Texto escrito para a Agenda Latinoamericana.
Um ponto de partida: vivemos um momento de crise.
Crise econômica, social, política, militar, ideológica, ambiental, energética.
Alguns falam em crise civilizacional.
Naturalmente, a crise não é igual para todos.
Pessoas pobres e ricas, países mais ou menos desenvolvidos, experimentam a
crise de maneiras diferentes. E reagem de maneira distinta, também.
Como serão as coisas depois da crise? Não sabemos.
O que sabemos é que podem ser iguais, piores ou melhores, a depender das
soluções que prevaleçam aqui e agora, hoje e amanhã, para enfrentar a crise.
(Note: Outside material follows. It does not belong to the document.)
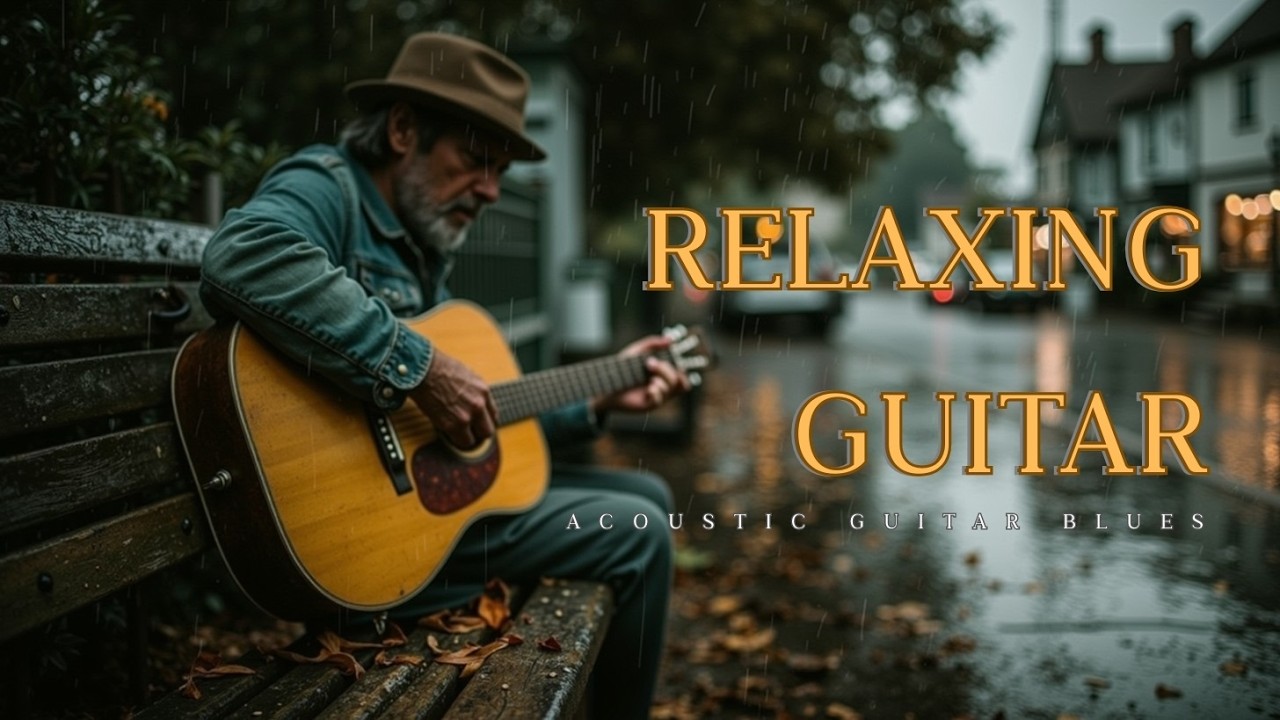 Расслабляющая акустическая блюзовая гитара ~ Спокойная инструментальная атмосфера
Não temos motivos para comemorar as crises. Nelas,
quem mais sofre são os mais fracos, os mais pobres, os mais desprotegidos. Mas
tampouco temos motivos para temer as crises. Da reação que tenhamos frente à
crise, pode surgir um mundo melhor.
Um exemplo disto está em nossa América Latina e
Caribenha. Depois da chegada dos europeus ao que hoje é nosso território, fomos
convertidos em fonte de riquezas que serviram ao desenvolvimento do capitalismo
na Velha Europa.
Pois bem: quando a Velha Europa entrou em crise, na
época que alguns historiadores chamam de Era das Revoluções (1750-1850), o Novo
Mundo experimentou a oportunidade para seguir um caminho próprio. Foi a época
das Independências em nosso continente.
Passada esta época, o Velho Mundo e sua extensão
(os Estados Unidos, que surgiram exatamente na época das Independências)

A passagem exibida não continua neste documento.